Villes FN : témoignage d’un syndicaliste employé par la ville de Béziers

30 janvier 2015 0 Imprimer ce billet Imprimer ce billet

Lu sur le site de VISA (Vigilance Initiatives Syndicales Antifascistes) :

A l’occasion d’une formation intersyndicale Solidaires – CGT – FSU organisée sur 2 jours et animée par VISA, un employé de la ville de Béziers, dirigée par l’extrême droite, a témoigné du vécu des agents municipaux.

« Robert Ménard a déclaré pendant la campagne municipale qu’il ne sera pas un élu du FN. C’est vrai, il est pire car son projet est de fédérer au plus large l’extrême droite locale.
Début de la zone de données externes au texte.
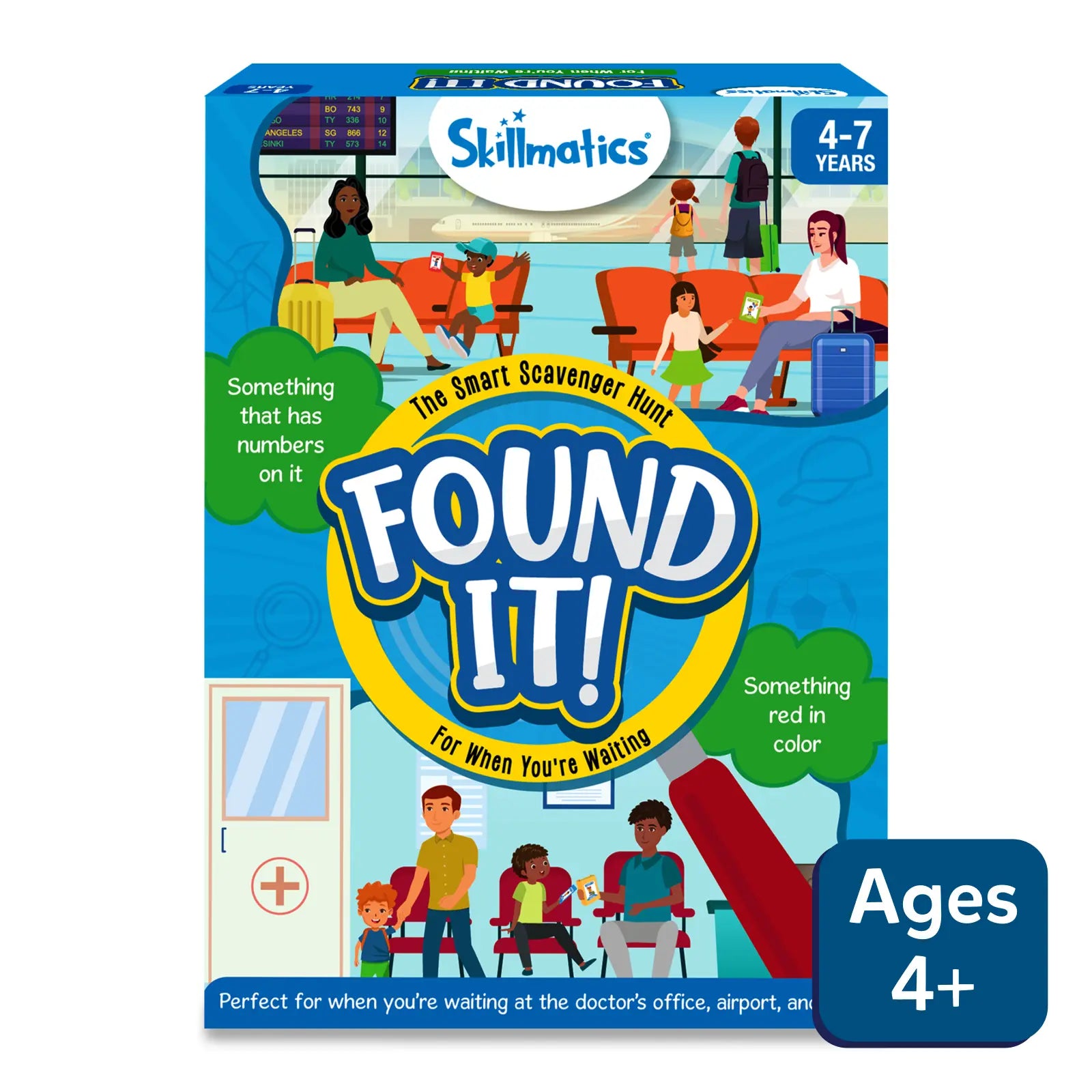 Found It scavenger hunt game box for kids ages 4 to 7, perfect for waiting times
Il communique beaucoup (c’est un journaliste de formation) et mise beaucoup sur les supports « publicitaires » telles que les affichettes promouvant des interventions de Zémour et de De Villiers à Béziers ou vantant la présence de la Police Municipale.

Elu après une gestion UMP très dure, il a récupéré une ville en état de ruine économique et social (4ème ville la plus pauvre de France), un terreau privilégié pour l’extrême droite.
Premières mesures : Doublement des effectifs de la Police Municipale, suréquipement (gilets pare balle digne de CRS face aux manifs), demande d’agrément pour les armer, détachement de policiers de Bollène
 (tenue par l’extrême droite) avec leurs armes car ils ont déjà l’agrément, baisse des impôts locaux de 4% (60% des habitants n’en paient pas, deux millions de recettes fiscales en moins), suppression des lignes de bus en été de la banlieue vers le centre ville, concentration des services publics en centre ville et abandon des faubourgs.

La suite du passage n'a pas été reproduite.